The majority relies on the testimony of a claims adjustor “acknowledging the presence of marine facilities in the area surrounding the Chef yard.” Majority Op. at 407. But this is misleading. The record shows that the Chef Yard was surrounded primarily by non-maritime businesses including a car wash, automotive shops, a warehouse, and manufacturing plants. Even more problematic is that the “presence of marine facilities” would do nothing to demonstrate that the Chef Yard, or anything near it, was' an area customarily used in loading, which is what the evidence must show in order to support the award of benefits. Implicit in the majority’s reasoning is a decision to define the relevant “area” as something larger than merely the Chef Yard, but this means that the adjacent buildings form part of the same “area” for purposes of the situs determination. The consequence of this analysis is that the neighboring car wash would also constitute a maritime situs. The ALJ’s situs determination was not supported by substantial evidence.3
*413The majority cites the principle that the LHWCA should be “liberally construed,” but fails to appreciate that our construction of the statute must still “conform[] with its pin-pose.” Winchester, 632 F.2d at 515 (quoting Voris v. Eikel, 346 U.S. 328, 333, 74 S.Ct. 88, 98 L.Ed. 5 (1953)). One purpose of the 1972 amendments to the LHWCA emphasized in our past decisions was to “reduc[e] the number of employees walking in and out of coverage.” Id. at 511.
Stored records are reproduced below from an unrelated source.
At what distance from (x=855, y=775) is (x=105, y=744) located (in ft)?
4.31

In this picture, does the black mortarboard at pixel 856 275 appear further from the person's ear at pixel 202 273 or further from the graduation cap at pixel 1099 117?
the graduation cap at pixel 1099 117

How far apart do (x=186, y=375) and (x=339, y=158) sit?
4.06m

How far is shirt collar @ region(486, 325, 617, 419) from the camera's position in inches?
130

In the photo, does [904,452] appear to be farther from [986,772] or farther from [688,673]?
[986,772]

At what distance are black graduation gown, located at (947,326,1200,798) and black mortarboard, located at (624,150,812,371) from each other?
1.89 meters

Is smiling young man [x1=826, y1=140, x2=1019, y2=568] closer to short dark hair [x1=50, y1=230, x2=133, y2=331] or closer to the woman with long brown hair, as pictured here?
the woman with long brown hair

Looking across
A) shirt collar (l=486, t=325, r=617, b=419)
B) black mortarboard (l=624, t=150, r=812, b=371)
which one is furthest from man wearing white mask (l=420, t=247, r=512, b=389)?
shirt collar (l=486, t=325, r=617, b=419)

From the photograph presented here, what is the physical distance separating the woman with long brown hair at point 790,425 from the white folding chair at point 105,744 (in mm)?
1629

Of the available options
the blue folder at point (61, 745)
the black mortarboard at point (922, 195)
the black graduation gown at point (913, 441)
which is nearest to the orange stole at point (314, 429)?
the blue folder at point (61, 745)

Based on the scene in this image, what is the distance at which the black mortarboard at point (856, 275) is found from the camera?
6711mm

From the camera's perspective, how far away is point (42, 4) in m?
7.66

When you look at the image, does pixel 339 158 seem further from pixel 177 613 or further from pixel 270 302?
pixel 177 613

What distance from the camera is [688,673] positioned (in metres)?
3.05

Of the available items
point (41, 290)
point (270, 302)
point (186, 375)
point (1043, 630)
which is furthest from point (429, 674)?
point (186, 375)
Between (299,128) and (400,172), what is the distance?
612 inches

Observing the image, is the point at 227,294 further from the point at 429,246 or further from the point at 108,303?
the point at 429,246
Prior to 1972, the [LHWCA] applied only to injuries occurring on navigable waters. Longshoremen loading or unloading a ship were covered on the ship and the gangplank but not shoreward, even though they were performing the same functions whether on or off the ship. Congress acted to obviate this anomaly: § 903(a) extended coverage to the area adjacent to the ship that is normally used for loading and unloading, but restricted the covered activity within that area to maritime employment.
Schwalb, 493 U.S. at 46, 110 S.Ct. 381. But unlike the gear man in Winchester and the janitors and machinist in Schwalb, neither Zepeda nor his coworkers at the Chef Yard performed any portion of their work on the docks or aboard ships, and treating the Chef Yard as a maritime situs is therefore unrelated to “reducing the number of employees walking in and out of coverage.” The majority has not pointed to another purpose of the act that its exceptionally expansive interpretation of the situs requirement promotes, leaving the ever-growing reach of the LHWCA unchecked by any discernible limiting principle.
II. Status
For similar reasons, Zepeda is not a maritime employee under the LHWCA.4 “[A]side from the [occupations specified in the LHWCA], land-based activity ... will be deemed maritime only if it is an integral or essential part of loading or unloading a vessel.” Id. at 45, 110 S.Ct. 381.5 As explained, the container repair work performed by Zepeda for NODSI was not integral to shiploading.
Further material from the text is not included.